Let’s look at the complexity of understanding compassion meditation in Buddhist traditions. First, we have to consider there are three main Buddhist schools or vehicles, Theravada, Mahayana and Vajrayana, each has a different world view. These particular world views lead to operational differences in how the concept of compassion is integrated into meditation methods. Furthermore, multiple schools exist within the three ‘vehicles’, each of which may have a degree of uniqueness in their compassion practices. At this stage, it’s probably better not to discuss the role of non-dual compassion as there is almost nothing replicated in the scientific literature about this element of human consciousness (although we all access it every day).
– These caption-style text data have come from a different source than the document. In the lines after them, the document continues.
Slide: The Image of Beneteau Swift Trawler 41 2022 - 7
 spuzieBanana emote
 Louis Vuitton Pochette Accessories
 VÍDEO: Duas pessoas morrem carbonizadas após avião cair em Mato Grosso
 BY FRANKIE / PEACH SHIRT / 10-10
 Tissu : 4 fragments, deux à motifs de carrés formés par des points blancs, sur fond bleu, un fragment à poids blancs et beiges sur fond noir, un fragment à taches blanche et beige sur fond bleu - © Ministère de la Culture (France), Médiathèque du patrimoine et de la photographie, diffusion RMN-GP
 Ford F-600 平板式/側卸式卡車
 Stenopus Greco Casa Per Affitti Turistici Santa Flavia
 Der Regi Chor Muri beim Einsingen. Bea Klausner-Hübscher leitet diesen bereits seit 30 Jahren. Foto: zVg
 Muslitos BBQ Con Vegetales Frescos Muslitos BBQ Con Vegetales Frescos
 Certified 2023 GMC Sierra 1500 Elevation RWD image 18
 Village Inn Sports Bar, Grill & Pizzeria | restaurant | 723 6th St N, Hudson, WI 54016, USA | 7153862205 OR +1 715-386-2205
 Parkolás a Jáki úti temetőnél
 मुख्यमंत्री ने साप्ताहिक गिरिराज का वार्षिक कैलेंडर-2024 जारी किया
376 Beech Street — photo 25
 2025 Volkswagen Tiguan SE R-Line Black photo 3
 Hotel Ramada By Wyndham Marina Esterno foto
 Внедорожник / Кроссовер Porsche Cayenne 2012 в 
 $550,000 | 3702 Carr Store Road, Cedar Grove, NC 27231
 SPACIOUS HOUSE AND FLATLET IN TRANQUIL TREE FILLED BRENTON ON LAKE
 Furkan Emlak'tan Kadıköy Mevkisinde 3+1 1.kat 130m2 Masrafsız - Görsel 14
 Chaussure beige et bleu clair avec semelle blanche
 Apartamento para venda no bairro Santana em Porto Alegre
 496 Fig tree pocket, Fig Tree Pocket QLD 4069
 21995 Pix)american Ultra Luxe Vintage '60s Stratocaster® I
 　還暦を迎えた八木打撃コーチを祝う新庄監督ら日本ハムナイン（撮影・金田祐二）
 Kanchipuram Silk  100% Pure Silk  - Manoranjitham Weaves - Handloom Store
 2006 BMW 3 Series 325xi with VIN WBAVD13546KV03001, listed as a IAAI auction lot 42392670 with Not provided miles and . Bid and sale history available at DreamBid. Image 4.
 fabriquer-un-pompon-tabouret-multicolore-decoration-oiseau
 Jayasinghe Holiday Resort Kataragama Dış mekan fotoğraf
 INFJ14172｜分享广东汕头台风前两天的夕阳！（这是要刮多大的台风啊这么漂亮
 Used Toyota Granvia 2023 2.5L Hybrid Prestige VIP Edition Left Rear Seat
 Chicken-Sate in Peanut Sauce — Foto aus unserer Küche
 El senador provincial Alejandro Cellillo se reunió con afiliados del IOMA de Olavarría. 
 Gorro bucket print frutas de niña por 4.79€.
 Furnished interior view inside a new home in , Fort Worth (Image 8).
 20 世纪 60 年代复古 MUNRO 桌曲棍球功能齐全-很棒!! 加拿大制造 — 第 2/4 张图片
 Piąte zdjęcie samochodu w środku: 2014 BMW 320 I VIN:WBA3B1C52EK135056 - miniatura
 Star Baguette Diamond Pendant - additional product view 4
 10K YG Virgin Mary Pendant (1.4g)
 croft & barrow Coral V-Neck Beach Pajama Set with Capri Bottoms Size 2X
So the take-home message here is how well we define compassion will inevitably be linked to our ability to harness meditation practices’ health and well-being benefits.
Notes:
- Luberto, Christina M., Nina Shinday, Rhayun Song, Lisa L. Philpotts, Elyse R. Park, Gregory L. Fricchione, and Gloria Y. Yeh. “A systematic review and meta-analysis of the effects of meditation on empathy, compassion, and prosocial behaviors.” Mindfulness 9, no. 3 (2018): 708-724.
- King, Richard. “‘Paying attention’in a digital economy: reflections on the role of analysis and judgement within contemporary discourses of mindfulness and comparisons with classical Buddhist accounts of sati.” In Handbook of Mindfulness, pp. 27-45. Springer, Cham, 2016.